Eighth Grade

Written and directed by Bo Burnham (or Mo Mowlam if you’re The Trap), this acclaimed indie follows awkward 14-year-old Kayla Day (Elsie Fisher) as she navigates the daily horrors of being a modern teenage girl: social anxiety, peer pressure and that Snapchat filter that turns you into a rabbit.

We’ve seen a surge of films lately about the corrosive power of social media, but where Ingrid Goes West and Timur Bekmambetov’s movies exploited the technology for genre thrills, Eighth Grade is a painfully authentic drama committed to showing real life through the confused filter of youth.

Burnham’s over-earnestness is tempered by his light, sensitive touch and likeable naturalism, populating his debut with characters who look and sound like real people, tripping over words and social situations like a more embarrassed mumblecore. Bumblecore, we’ll call it.
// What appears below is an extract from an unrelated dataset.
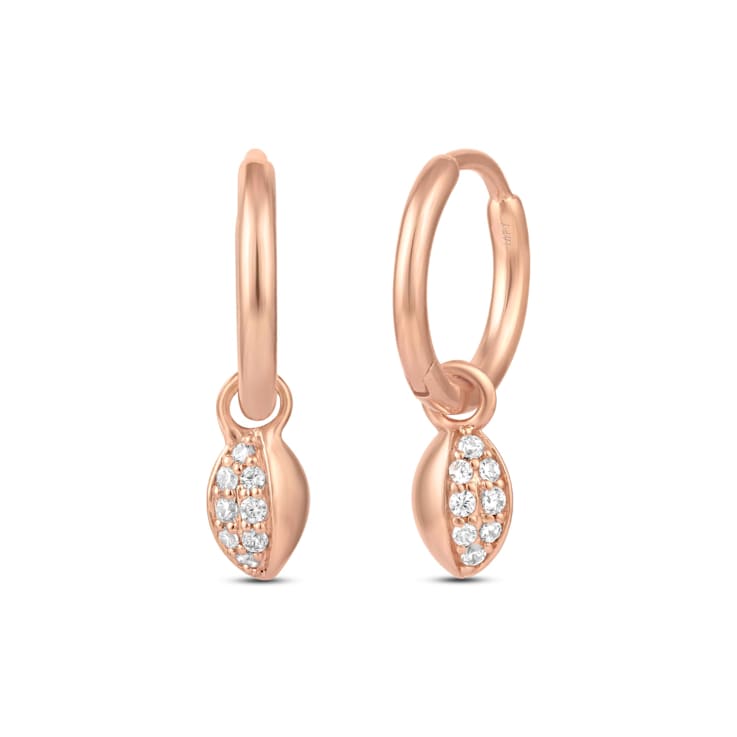 MFY x Anika Rose Gold over Sterling Silver with 1/10 cttw Lab-Grown
Diamond Hoop Earrings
Fisher is raw and relatable in the lead and she’s on screen for the duration (including the character’s deliberately pat YouTube videos), believably portraying the gulf between Kayla’s rabbit-eared selfies and her rabbit-in-the-headlights reality. Credit to whichever casting agent told Bo to select ‘er. Her father (Josh Hamilton) acts as a well-calibrated counterpoint, reacting to Kayla’s muddled defensiveness with the perfect mixture of bafflement and concern.

Eighth Grade is a timely tonic to coming-of-age films too often marked by an aversion to difference (and it’s refreshing how little coming of age she actually does). It offers a perspective seldom seen in drama, making it more relevant than Boyhood and more nourishing than The Breakfast Club.